Психиатр - Марк Фишер
Шрифт:
Интервал:
Закладка:
Отец Катрин, сидевший в первом ряду, перескочил через барьер и бросился к Харви. Несмотря на внушительный вес литературного критика, он, чувствуя, как его силы удесятерились от ярости, смог приподнять его со скамьи подсудимых и кинуть на пол. Потом он кинулся на него и сдавил горло с криком:
— Я убью тебя, грязная свинья! Я тебя убью!
Харви отбивался, призывая на помощь, и пытался разжать руки отца Катрин. Двое полицейских, подоспевших на выручку, не без труда смогли отбить литературного критика, тот уже почти задохнулся. Шилд прекратил сопротивление, выпустил толстую шею Харви и встал.
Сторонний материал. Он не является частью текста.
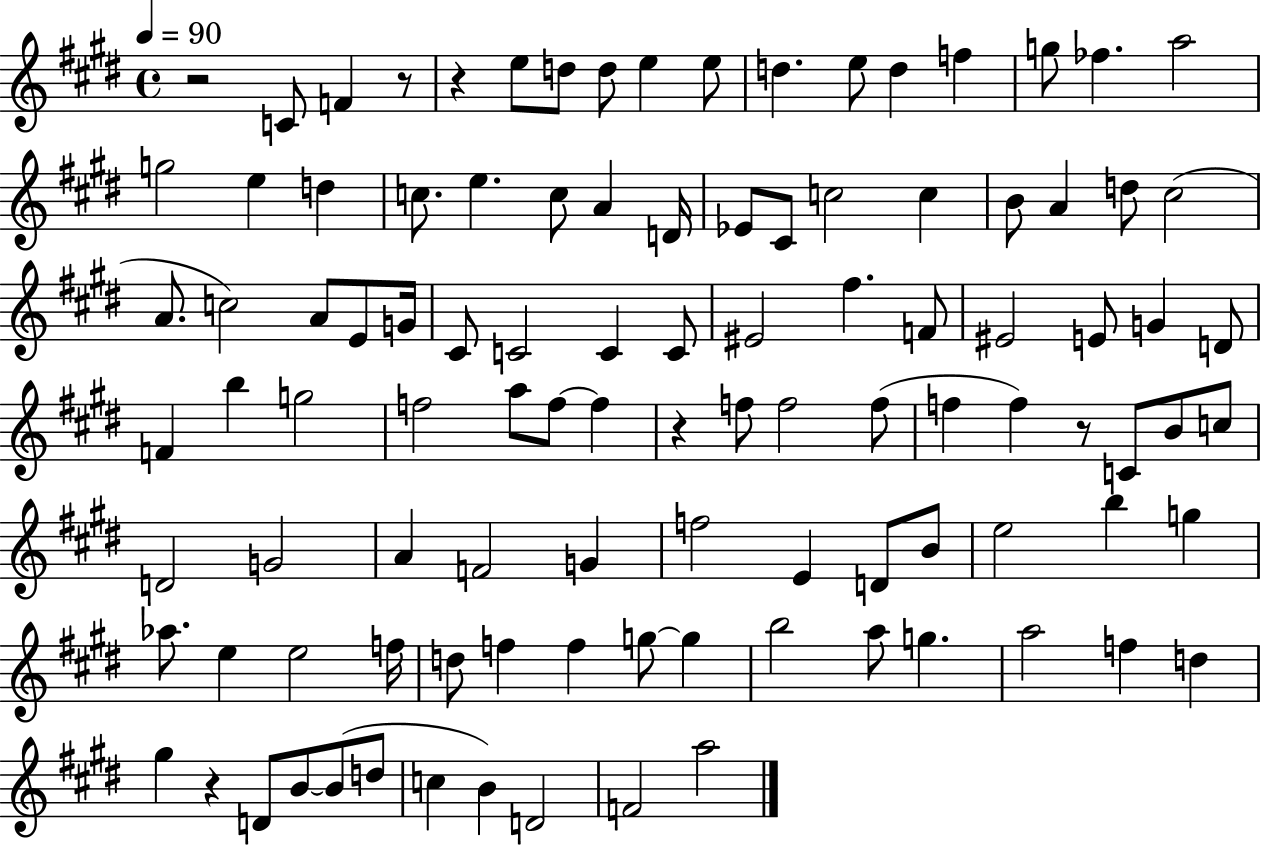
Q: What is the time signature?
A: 4/4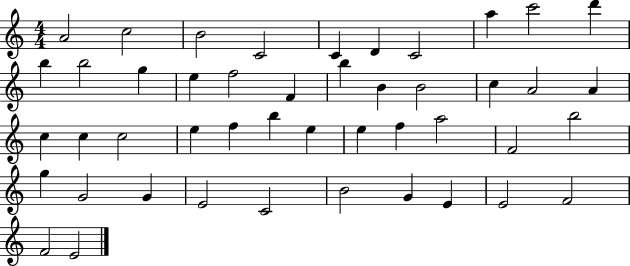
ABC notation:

X:1
T:Untitled
M:4/4
L:1/4
K:C
A2 c2 B2 C2 C D C2 a c'2 d' b b2 g e f2 F b B B2 c A2 A c c c2 e f b e e f a2 F2 b2 g G2 G E2 C2 B2 G E E2 F2 F2 E2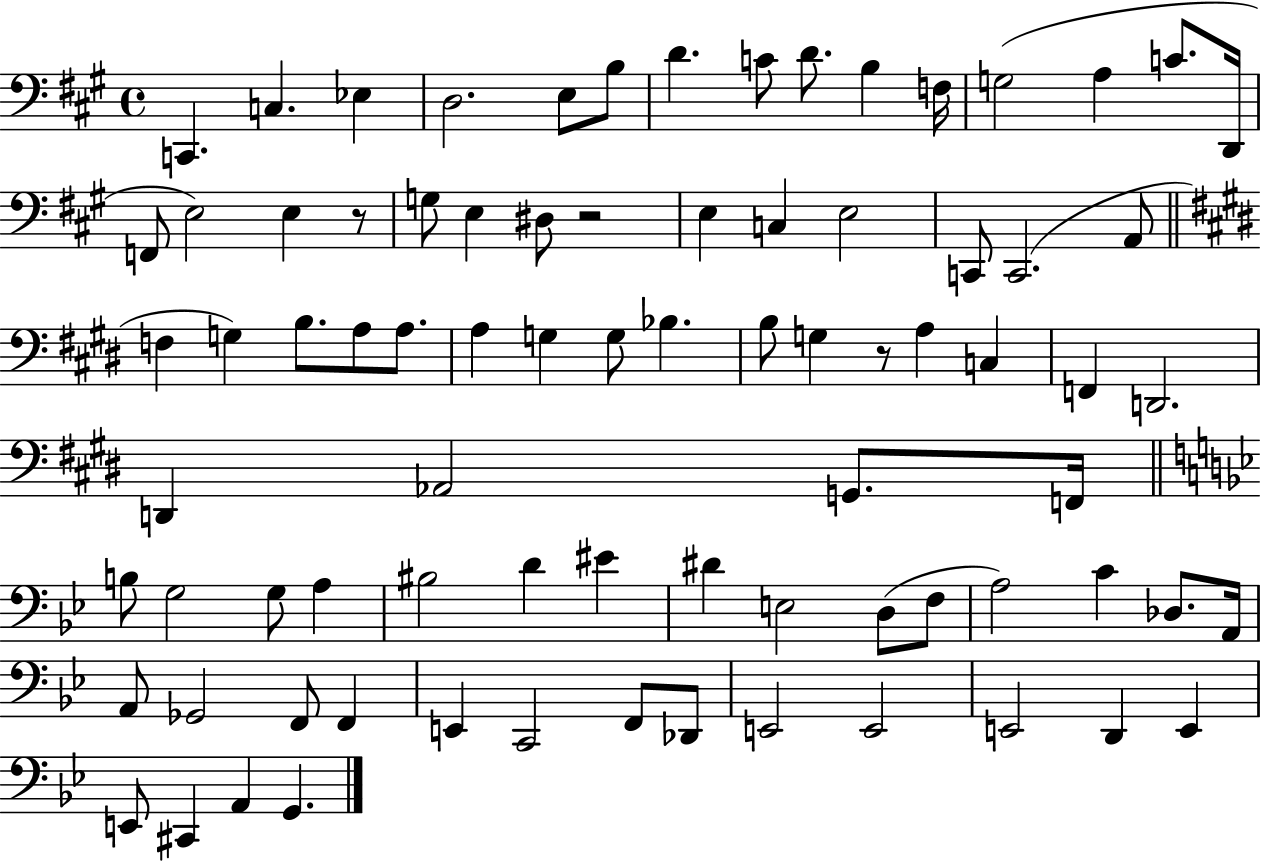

Харви сразу же схватился за живот и одновременно начал отхаркиваться, глубоко и прерывисто дыша, как человек, только что едва не утонувший. Конечно, вырванный из рук отца пострадавшей, он почувствовал облегчение, но теперь на его мертвенно-бледном лице были написаны стыд и ужас.
Перед тем как вывести отца Катрин из зала суда, полицейские дали ему несколько секунд, чтобы прийти в себя. Застыв у барьера с полными слез глазами, Катрин, все еще в шоке от увиденного, внезапно встала, глядя на отца с взволнованным удивлением.
Оба обменялись взглядами, переполненными чувствами.
Впервые он действительно сделал для нее что-то, показал, что любит ее!
Они не сказали друг другу ни слова, но отец понял, что Катрин простила ему все зло, которое он причинил ей в прошлом, что они наконец помирились и что их ничто и никогда уже не разлучит.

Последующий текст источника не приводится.